* **THE TASK**: All lines from the one containing "Monteau Dresses &" through the last line of the listing below are to be copied exactly. Exclude the pictures.

* **RAW DATA**:
----
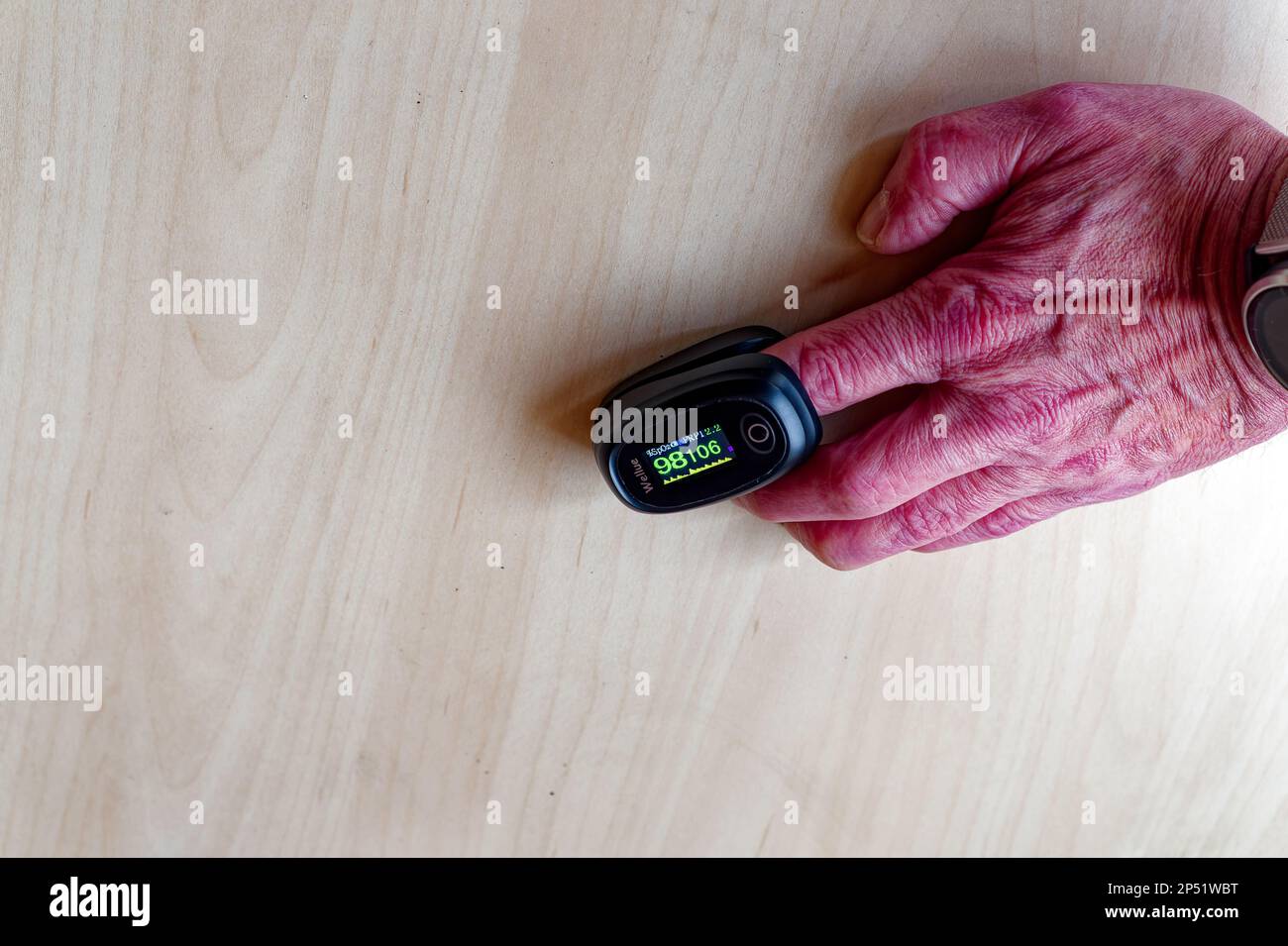 Medizinische Geräte: Pulsoxymeter zur Messung der Sauerstoffsättigung und des Pulses am Finger Stockfoto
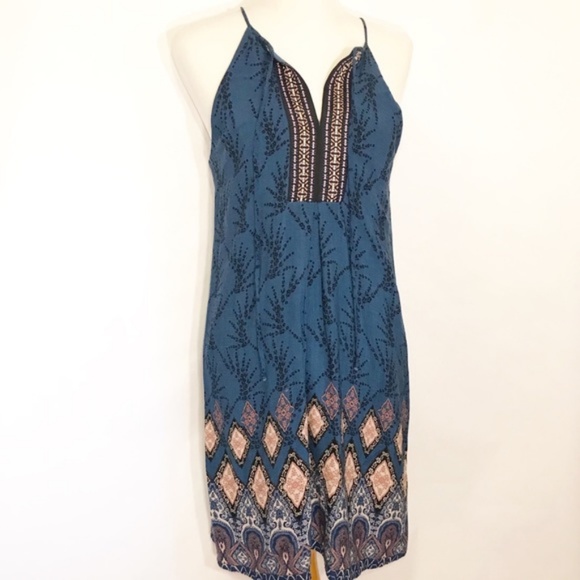 Monteau Dresses & Skirts - Beautiful Lined T Back Style Monteau BOHO DRESS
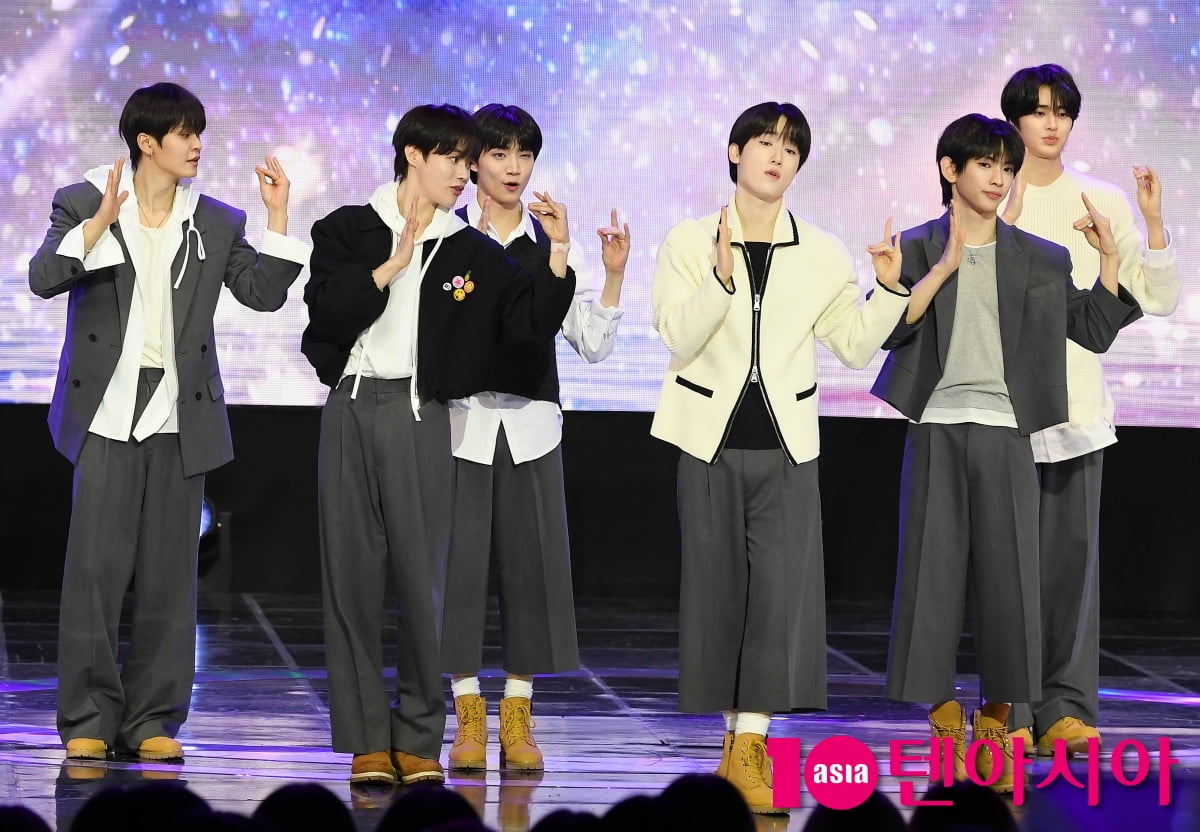 '더 쇼' 템페스트, 청춘에너지 넘치는 무대[TEN포토+]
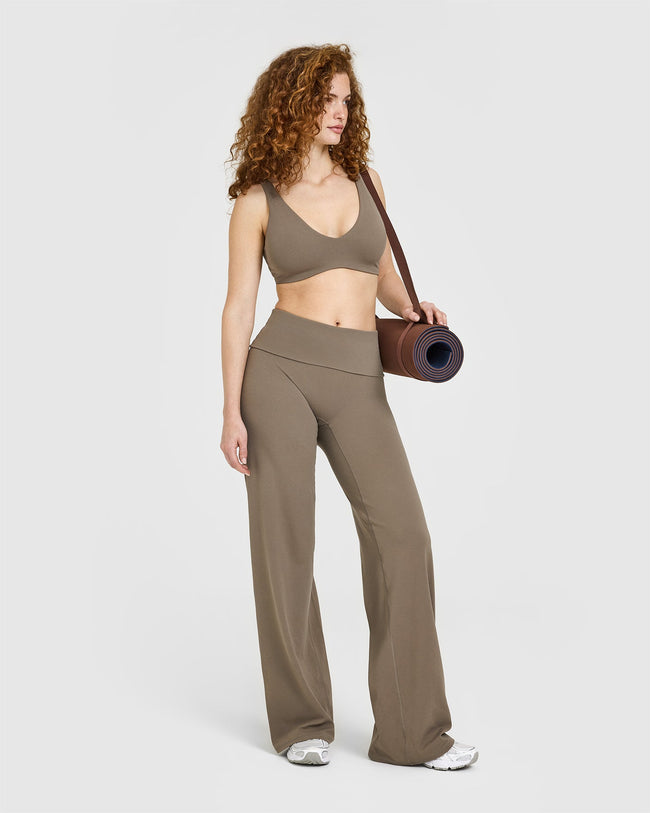 250514_ALWAYSINONER_SOFTMOTION_FOLDOVER_STRAIGHT_LEG_PANTS_MOSSBROWN_PDP_1440x1800_03_650x.jpg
----
* **ANSWER SECTION**:
 Monteau Dresses & Skirts - Beautiful Lined T Back Style Monteau BOHO DRESS
 '더 쇼' 템페스트, 청춘에너지 넘치는 무대[TEN포토+]
 250514_ALWAYSINONER_SOFTMOTION_FOLDOVER_STRAIGHT_LEG_PANTS_MOSSBROWN_PDP_1440x1800_03_650x.jpg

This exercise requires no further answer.